The problem:
Write out the data word for word and drop any picture you find.

Data provided:
+===+
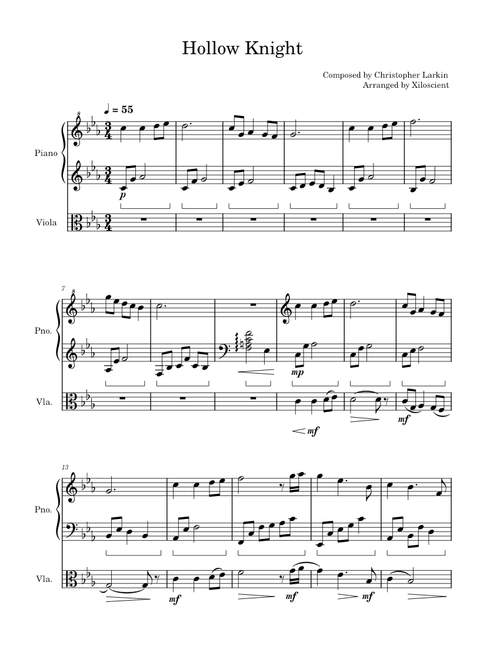 Hollow Knight Main Theme – Christopher Larkin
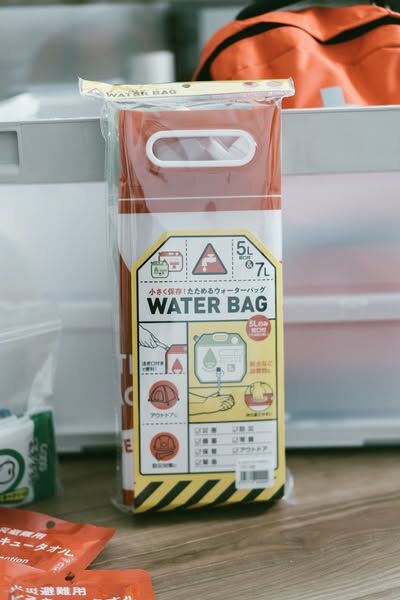 COGIT停水／防災可折疊好收納水袋兩件組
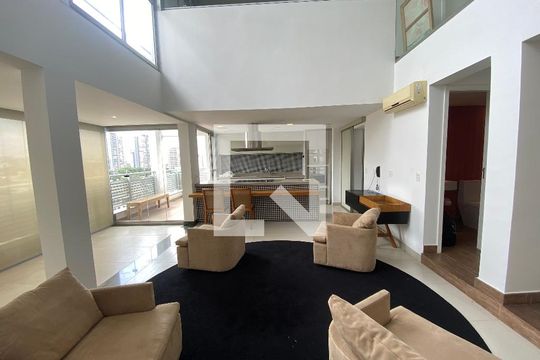 Sala 1 de apartamento para alugar com 2 quartos, 163m² em Brooklin Novo, São Paulo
+===+
Task answer:
 Hollow Knight Main Theme – Christopher Larkin
 COGIT停水／防災可折疊好收納水袋兩件組
 Sala 1 de apartamento para alugar com 2 quartos, 163m² em Brooklin Novo, São Paulo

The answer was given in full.